Pierre schnaubte. Er war sich nicht sicher, ob es ihn beunruhigen oder trösten sollte, dass sich die Tiere in der Wildnis auskennen mussten. »Was ist, wenn sie nicht auf uns hören?«

»Normalerweise sind sie sehr gehorsam, es sind die beiden friedlichsten Hennen aus meinem ganzen Schwarm. Sollten sie aber aus irgendeinem Grund nicht auf Euch reagieren, solltet Ihr entweder kräftig einen Zügel zur Seite ziehen, dann werden sie aus dem Gleichgewicht kommen und umfallen, oder aber ihr haltet Euch gut an ihrem Hals fest und wartet ab, bis sie von selbst stehen bleiben.«

»Was ist mit gefährlichen Wesen in der Wildnis?« Eugene stand Schulter an Schulter mit seinem Ruckato und kraulte es im Nacken zwischen den langen Ohren.

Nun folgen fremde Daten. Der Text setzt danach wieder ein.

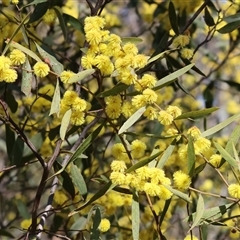 Acacia buxifolia subsp. buxifolia at Albury, NSW - 12 Sep 2025 by KylieWaldon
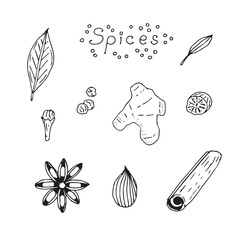 Spices sketch set, hand drawing, vector illustration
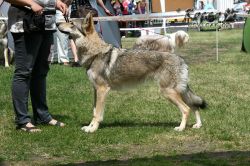 IMG_0481.jpg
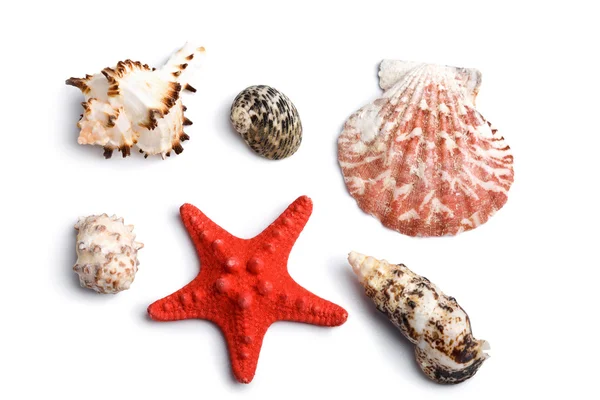Conchas marinhas isoladas — Fotografia de Stock
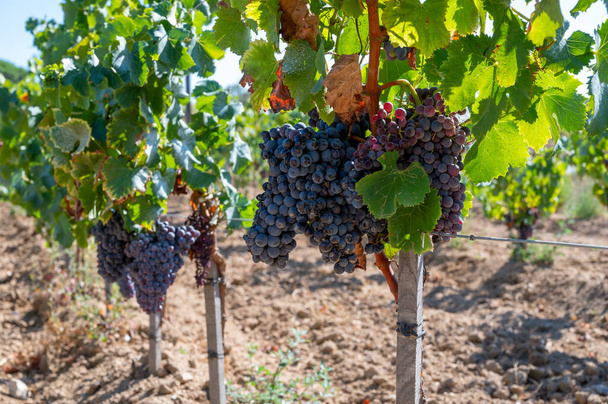 Спелые черные или голубые виноград сира, используемые для изготовления розового или красного вина готовы к сбору урожая на виноградниках в Котес-де-Прованс, область Прованс, юг Франции близко - Фото, изображение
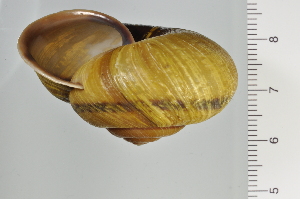  ( - SDNCU-A1347)  @14 [ ] Copyright (2014) Unspecified Specimen depository of the Graduate School of Natural Sciences, Nagoya City University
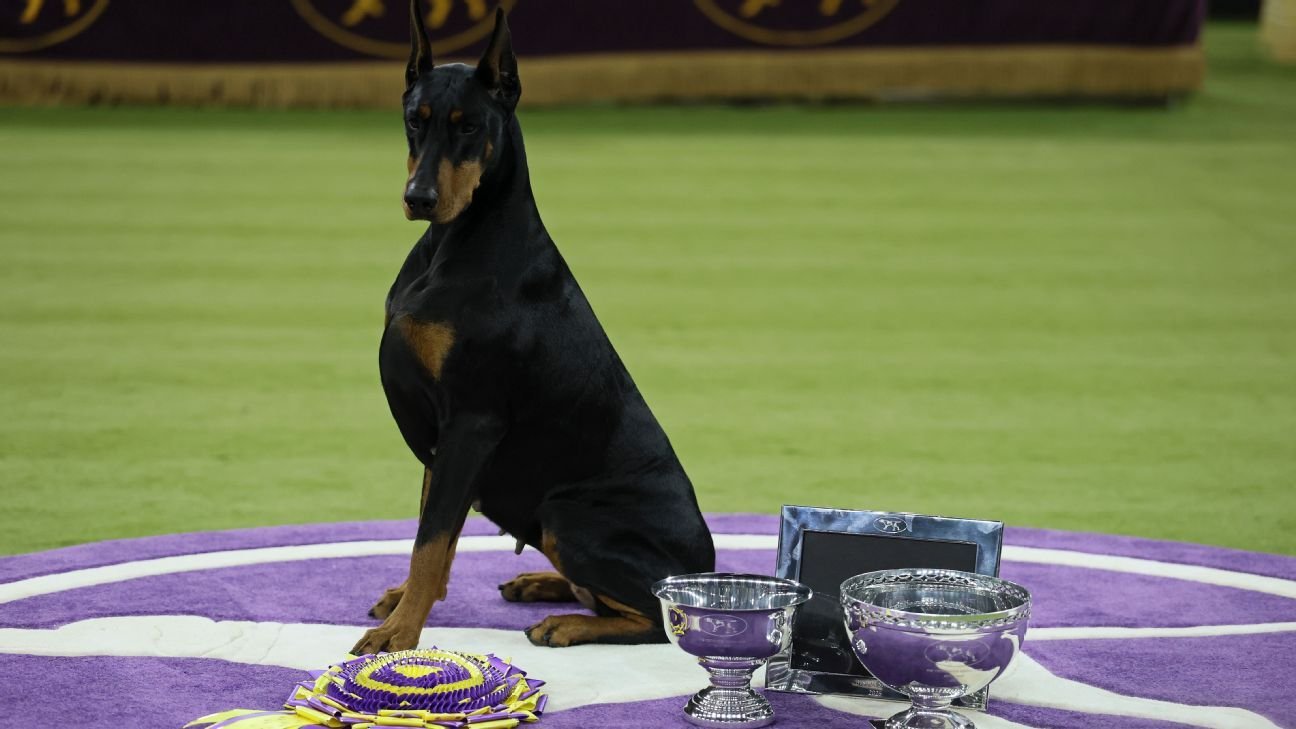 Doberman pinscher named Penny wins best in show at Westminster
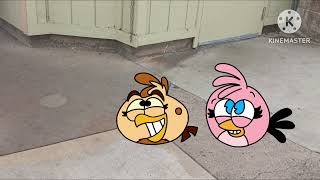 Stella, Sliver And Melody Saw The Birds At The Seaworld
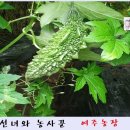 선녀와농사꾼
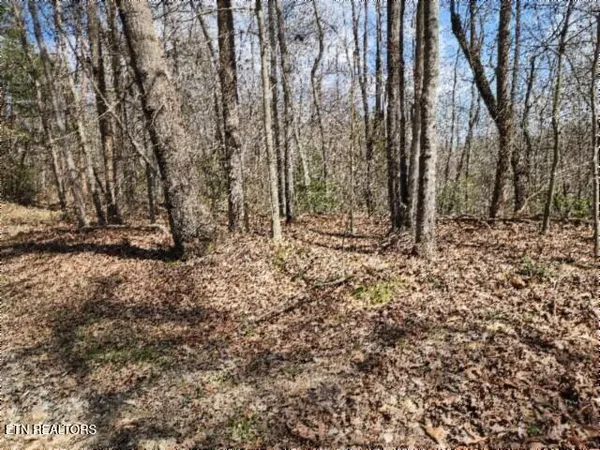 $79,000 | 10.79-ac Buffalo Road, Oneida, TN 37841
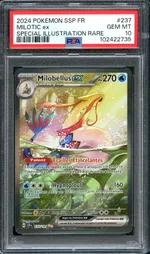 Auction visual on GCC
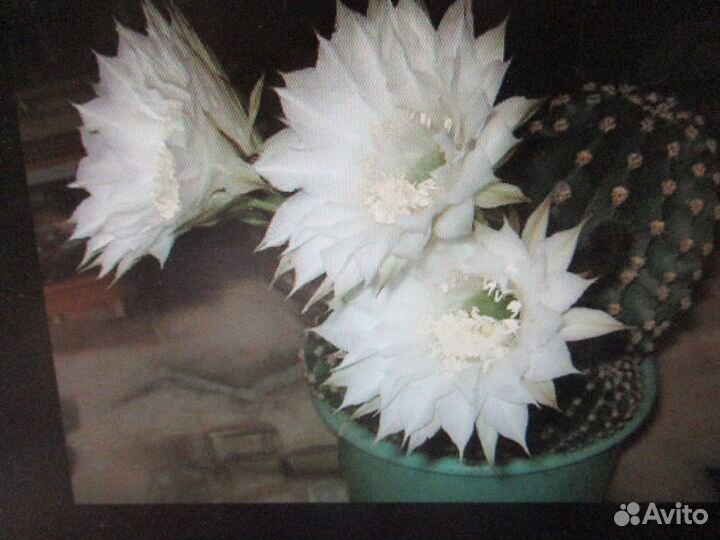Продам цветы комнатные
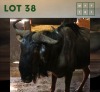 1X Bluewildebeest M:1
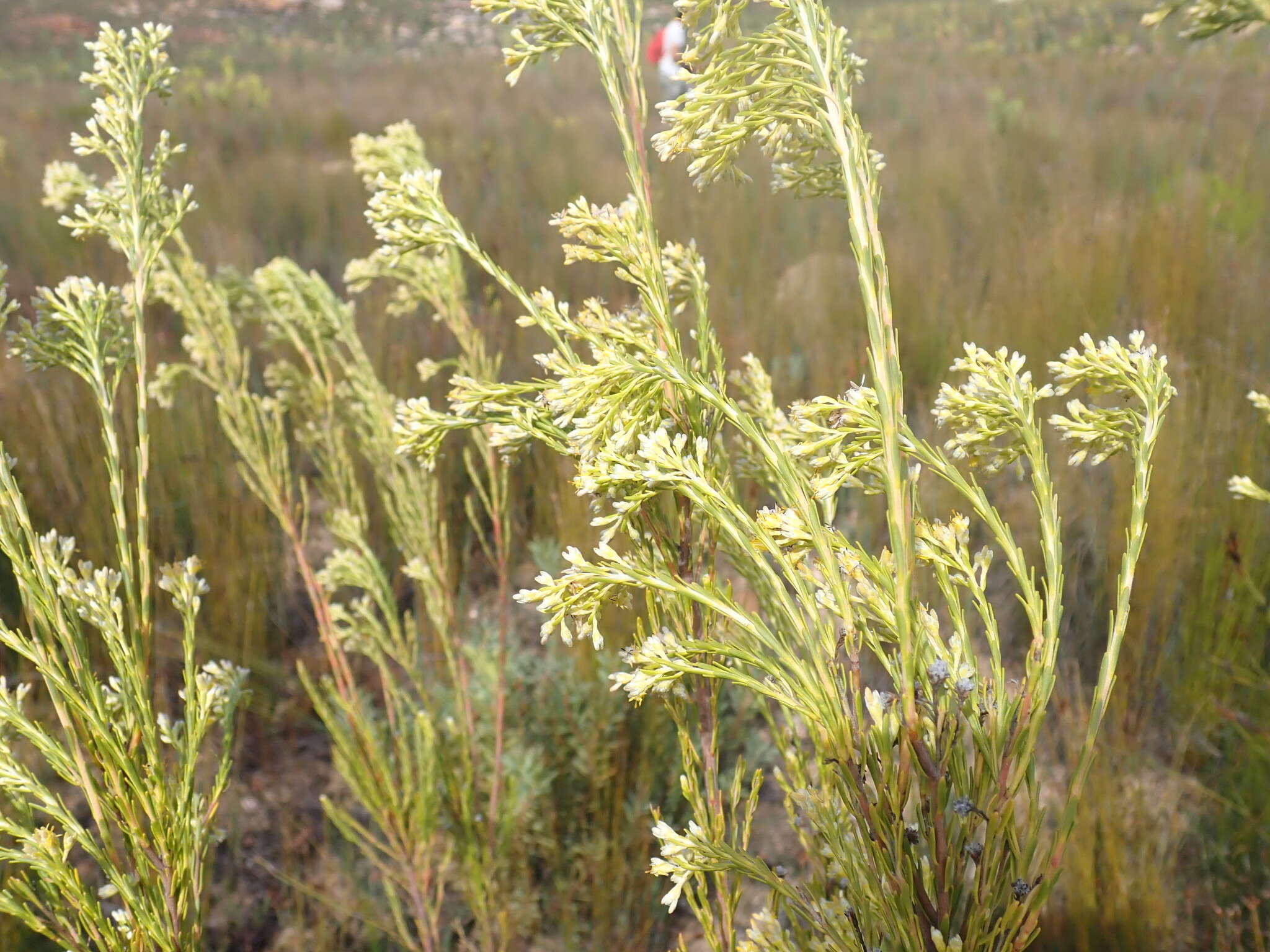 Plancia ëd Leucadendron ericifolium R. Br.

»Es gibt sicher gefährliche Tiere in der Wildnis, aber die Hennen sind flink und schlau genug, Euch sicher von Ihnen fernzuhalten. Sie haben ein gutes Gespür für Gefahr, Ihr könnt ihnen vertrauen, Estelles.«

Pierre hob eine Augenbraue und schüttelte den Kopf. Diese Wesen hatten Köpfe in der Größe der großen grünen Palmnüsse im Garten des Papstes. Kleinere Köpfe als die jüngsten Schüler an Bord der Baroque. Und diese herabhängenden Ohren zeugten sicher auch nicht von großer Auffassungsgabe.

Der Mann schien seine Gedanken erraten zu haben. »Schläue hat nichts mit der Größe des Kopfes zu tun, Estelle. Sie hat etwas damit zu tun, wie man den Kopf und das Herz zu nutzen versteht. Wenn die Herren Estelles keine Fragen mehr haben, dann werde ich mich zurück an meine Arbeit begeben. Ich wünsche Euch viel Glück bei Eurer Aufgabe. Auf dass Ihr die Wildnis überleben mögt.« Er gab sich keine Mühe, den Sarkasmus in seiner Stimme zu unterdrücken. Ehe er ging, löste er die Zügel vom Zaun und drückte jedem der beiden Sterne die seines Reittieres in die Hand. »Und haltet Euch dort draußen an die Wasserläufe, Euer Vorrat wird nicht ewig halten.«

Eugene und Pierre sahen ihm nach. Eugene schüttelte den Kopf. »Sein Tonfall gefällt mir nicht. Er sollte sich nicht für etwas Besseres halten, nur, weil er mit diesen Vögeln umgehen kann.«

»Eigentlich solltest du dich daran gewöhnt haben, dass sie uns nicht leiden können. Müssen wir wirklich mit diesen Viechern aufbrechen?«

»Es ist sicherer und bestimmt schneller. Du solltest dich nicht so anstellen. Im Gegensatz zu den komischen Pflanzen in unseren Gemächern sind die Ruckatos doch ganz nett.« Eugene lächelte, so unschuldig wie in seiner Zeit als Novize an Bord der Baroque, dann kletterte er auf den Rücken seines Tieres, welches freudig mit den Füßen tippelte. »Komm schon, steig auf, damit wir loskönnen! Ich bin schon auf die Wildnis gespannt!«

»Ich nicht.« Pierre seufzte tief und zog sich unbeholfen auf den Rücken seines Reittieres, welches bereits loslief, als er noch der Länge nach über dem Sattel lag. Er grabschte nach einem der Zügel und zog daran. Das Tier bog seinen langen Hals zur Seite, tänzelte einige Schritte auf einem kleinen Kreis und blieb schließlich stehen. Pierre stemmte sich hoch und schaffte es nach einiger Zeit schließlich, ordentlich im Sattel zu sitzen. Er sah über die Schulter zu Eugene, der hinter vorgehaltener Hand kicherte. »Das ist nicht witzig. Los, je schneller wir aufbrechen, desto schneller sind wir zurück!«

»Das ist fast der richtige Geist. Lass uns einen Verräter fangen! He!« Eugene ritt an Pierre vorbei, packte dessen Reittier am Zügel und führte es neben sich her durch die Straßen der Stadt.

Die beiden Sterne machten auf dem Weg zum Stadttor halt bei Aldric, der sie mit Bonbons und süßen Broten versorgte, und beim Bäcker, um den wenigen verbleibenden Platz in ihren Satteltaschen mit Gebäck und Pasteten zu füllen.